REQUIRED WORK >>
Among the entries, find the lines with the string "background" and report them.

DATA FOR ANALYSIS >>
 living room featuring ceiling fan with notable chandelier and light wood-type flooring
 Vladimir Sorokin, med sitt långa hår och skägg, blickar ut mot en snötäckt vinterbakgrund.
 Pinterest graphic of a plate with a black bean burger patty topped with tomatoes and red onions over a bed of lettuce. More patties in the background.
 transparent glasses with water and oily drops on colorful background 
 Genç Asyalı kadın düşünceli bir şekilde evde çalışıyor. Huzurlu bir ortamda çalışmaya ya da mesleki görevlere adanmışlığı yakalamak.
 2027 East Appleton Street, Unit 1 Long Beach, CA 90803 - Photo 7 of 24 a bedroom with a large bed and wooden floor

==

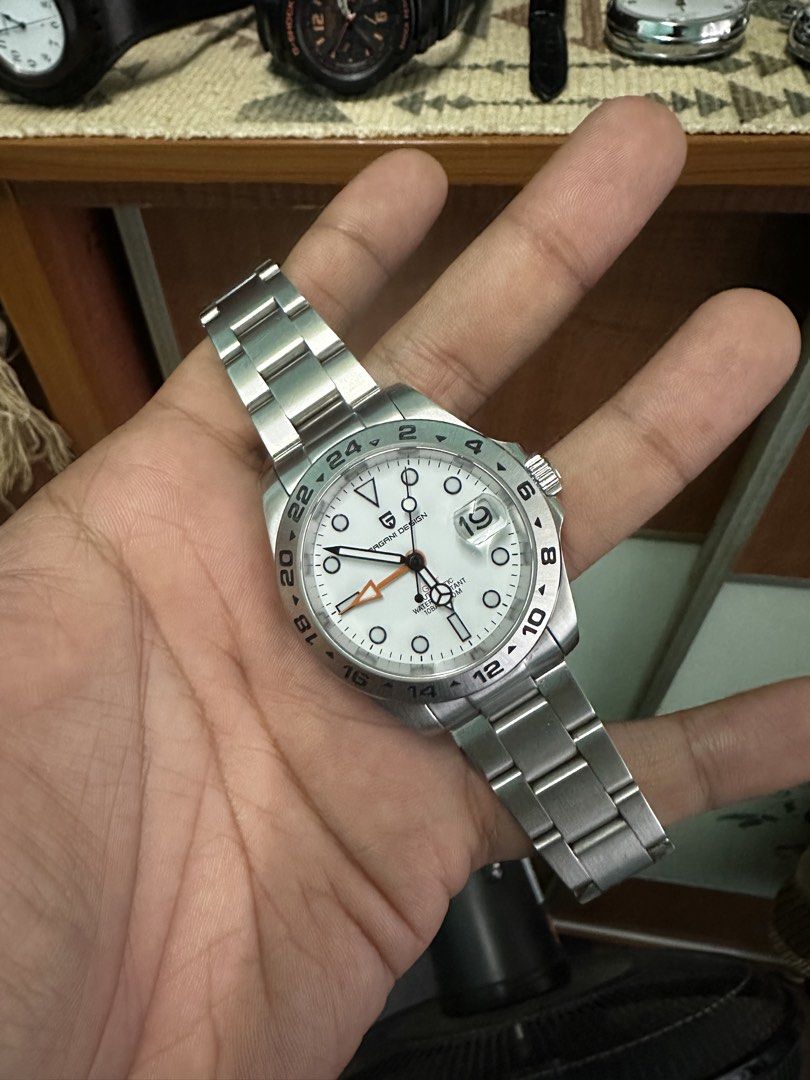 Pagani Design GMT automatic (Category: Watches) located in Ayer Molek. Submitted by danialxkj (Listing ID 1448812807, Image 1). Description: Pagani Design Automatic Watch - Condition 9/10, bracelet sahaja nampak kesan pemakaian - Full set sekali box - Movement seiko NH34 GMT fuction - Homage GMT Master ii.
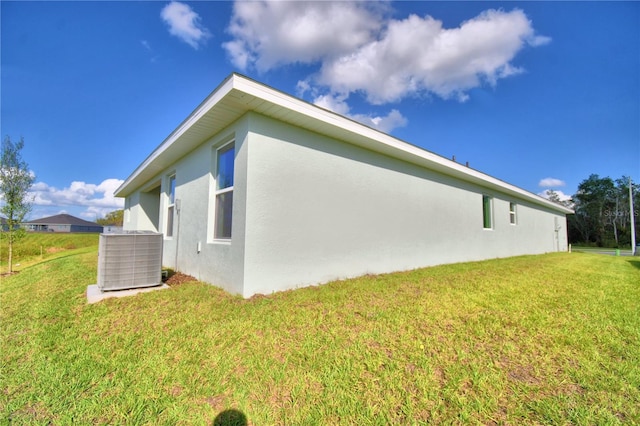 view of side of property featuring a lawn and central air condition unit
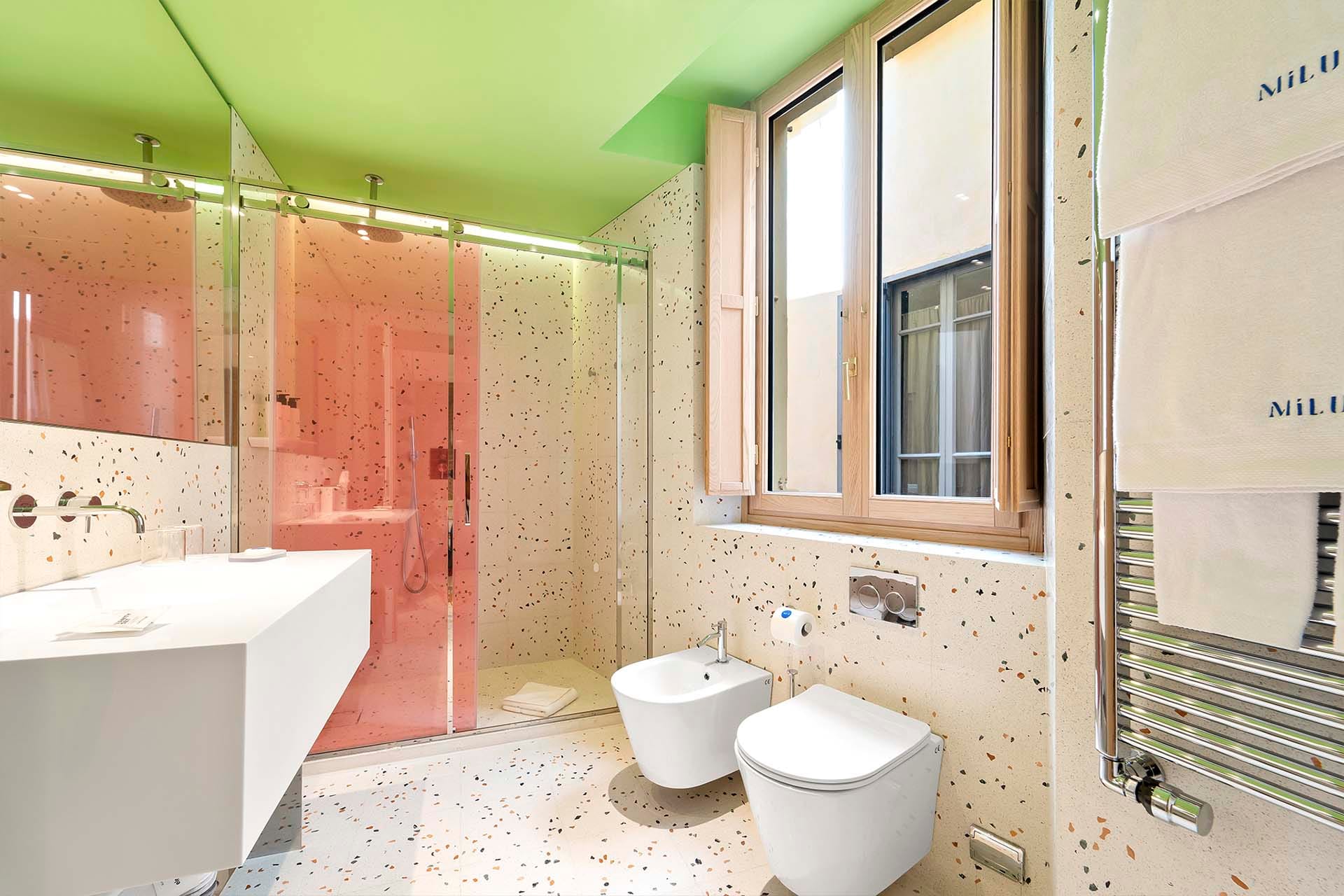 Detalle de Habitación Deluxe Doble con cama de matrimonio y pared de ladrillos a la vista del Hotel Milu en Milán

RESPONSE >>
 Pinterest graphic of a plate with a black bean burger patty topped with tomatoes and red onions over a bed of lettuce. More patties in the background.
 transparent glasses with water and oily drops on colorful background 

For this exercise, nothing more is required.